What’s the best way to refuel after a long day of sightseeing in Italy? Pizza, of course! But where can you find the best pizza in Italy? And what’s the difference between Roman pizza and Neapolitan pizza? Read on for tips on finding the perfect pizza!
Pizza in Italy – one of the culinary wonders of the world
Pizza is such an integral part of Italian food culture that it came as no surprise when Neapolitan pizza was awarded UNESCO status. Whether you eat it al taglio (by the slice) while on the go, or prefer a whole pizza in a traditional pizzeria, you’re unlikely to be disappointed.
However, while it’s possible to find excellent pizza pretty much everywhere in Italy, two cities are particularly famous: Rome and Naples. So, if you want to try the best of the best, it’s time to head south.
Roman pizza vs Neapolitan pizza – what’s the difference?
To put it simply, Roman pizza tends to be thin and crispy, while Neapolitan pizza is thicker and doughier.
The classic Roman pizza is paper thin with minimal crust. It’s lighter and less filling, which could be a good thing or a bad thing, depending on your hunger. It may not fill you up as much, but it’s also less likely to leave you feeling bloated. It’s not policed in the same way as Neapolitan pizza, so there’s a little more freedom for Roman pizza-makers to use creative license. Especially in al taglio pizzerias, you will find interesting pizza topping combinations.
In traditional Roman pizzerias you’ll find mostly classics like Margherita, Diavola and Capricciosa.
Neapolitan pizza is much heavier. The crust is thicker and fluffier, and the pizza is often smaller than a Roman pizza (but much more filling). Neapolitans are quite traditional when it comes to toppings, preferring the simplicity of a Margherita or Marinara, though some pizzerias have extensive menus.
Naturally, Romans and Neapolitans tend to prefer the local pizza, but when it comes to the fundamental question of “Which is better?” there’s no clear answer. Pizza is personal – it depends on your tastes, and perhaps how hungry you are in that moment.
Just don’t ask for pineapple or make the mistake of offering a pineapple pizza to a Neapolitan.
Best pizza places in Rome
To find the best pizza in Rome, go to pizzerias. That may sound obvious, but keep in mind that there are lots of ordinary restaurants that have pizza on the menu. Your chances of finding a mouth-wateringly delicious pizza are much higher if you go to a pizzeria.
In central Rome, two of the most popular and famous pizzerias are Da Baffetto and La Montecarlo. Pizzeria Emma is a bit more pricy but is renowned for its light-as-air pizzas with quality ingredients.
However, not all of the best pizza places are located in the historic centre. Locals in the know go to Seu Pizza Illuminati, located in Trastevere, or La Gatta Mangiona, a Monteverde pizzeria specialised in Neapolitan pizza. They may seem off the beaten path for a tourist, but we promise you will eat some superior pizza!

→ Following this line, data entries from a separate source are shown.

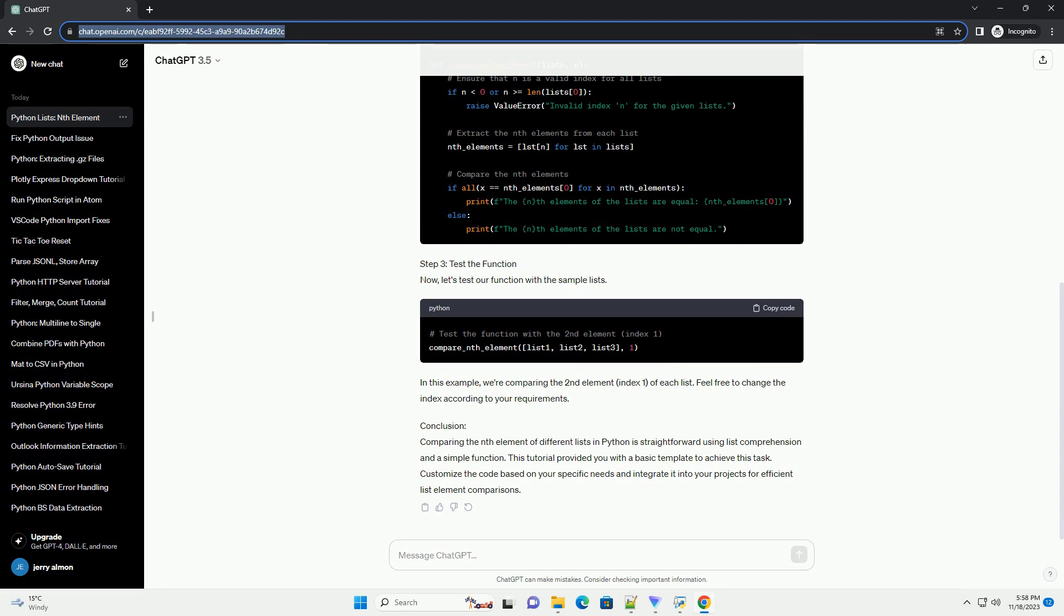Step 2: Define a Function for Nth Element Comparison. Next, we'll define a function that takes the lists and the value of n as parameters and compares the nth elements of each list.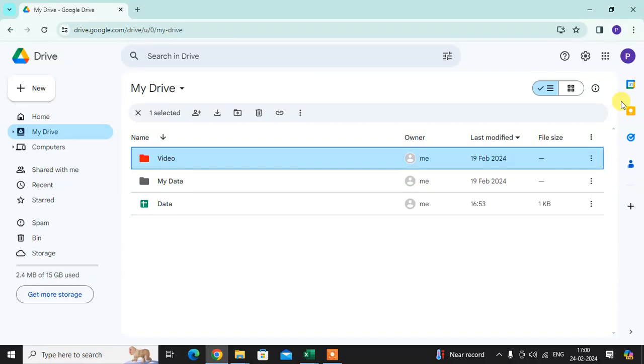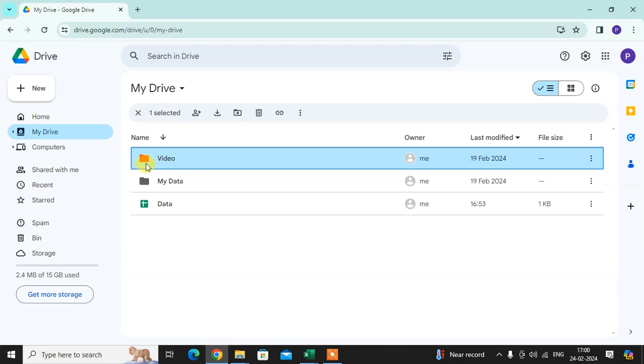In this video, we will learn how to color code Google Drive folders. Let's start. This is my Google Drive. Here you can see the video folder is red, so you can color code your folders in Google Drive.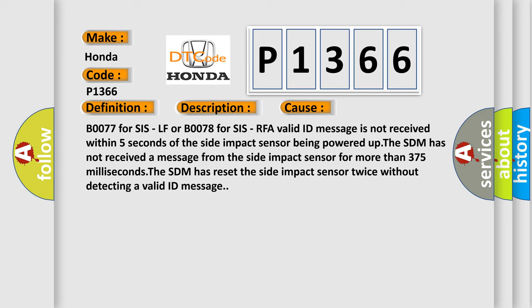The SDM has not received a message from the side impact sensor for more than 375 milliseconds. The SDM has reset the side impact sensor twice without detecting a valid ID message.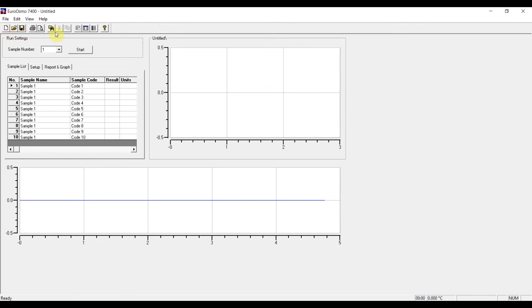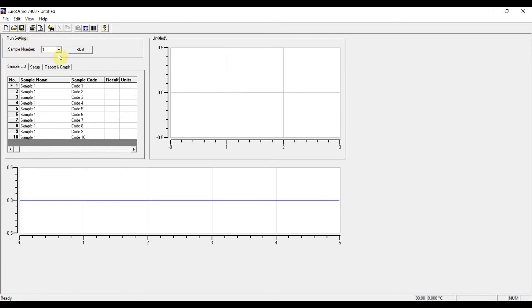Here we have some quick buttons. And below that we have the run settings. And this is where you start the measurements and determine which sample number from the sample list is going to be recorded.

Testaccio, another residential neighbourhood, is becoming increasingly well-known as foodie tourist destination. Da Remo is one of the most famous pizzerias in Rome, serving up delicious Roman pizza in chaotic yet authentic surroundings. For excellent pizza by the slice and more unusual toppings (such as pear and gorgonzola, or prosciutto and figs), try Casa Manco in the Testaccio food market. A pizzeria al taglio you certainly cannot miss is the famous Pizzarium by the celebrity pizza-maker Gabriele Bonci, who makes both traditional pizzas (but always using real high quality ingredients) and more experimental ones.
Best pizza places in Naples
The most famous pizzeria in Naples is Sorbillo. The crowds can be overwhelming, but the pizza certainly doesn’t disappoint. Nearby Di Matteo and Da Michele are also generally regarded as some of the best pizzerias in Naples. Da Michele takes a somewhat purist approach to pizza, as the only options are Margherita or Marinara. Starita is another great option for traditional Neapolitan pizza, which is a little less chaotic because it’s located off the tourist trail in the Materdei neighbourhood.
Brandi prides itself on being the birthplace of pizza, but although it’s good, it’s not one of the best. If your priority is taste rather than history, take a walk along the seafront to reach 50 Kalò, a highly rated modern pizzeria which specialises in “more digestible” dough.
If you want to eat at one of the best pizza places in Naples, get there early (before 7:30), or be prepared to queue for an hour. However, you should also keep in mind that when you’re in the home of pizza. It’s virtually impossible to eat a pizza that’s anything less than delicious. So, if you don’t want to wait in line, try a less famous pizzeria such as the excellent Locanda del Grifo.